ACTION ITEM
Your copy should match the listing word for word, apart from the pictures, which are left out.

SUPPLIED INFORMATION
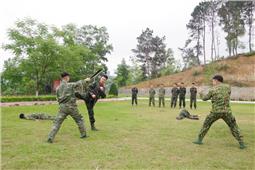 Một phút cũng luyện, một giây cũng rèn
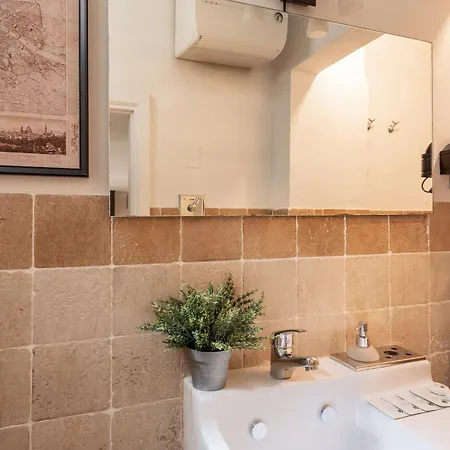 Little Pier Vettori Daire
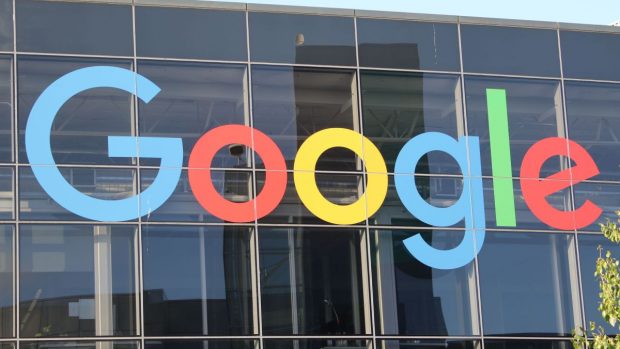 Alphabet, aproape de pragul istoric de 4 trilioane de dolari: acțiunile Google ating un record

FINAL ANSWER
 Một phút cũng luyện, một giây cũng rèn
 Little Pier Vettori Daire
 Alphabet, aproape de pragul istoric de 4 trilioane de dolari: acțiunile Google ating un record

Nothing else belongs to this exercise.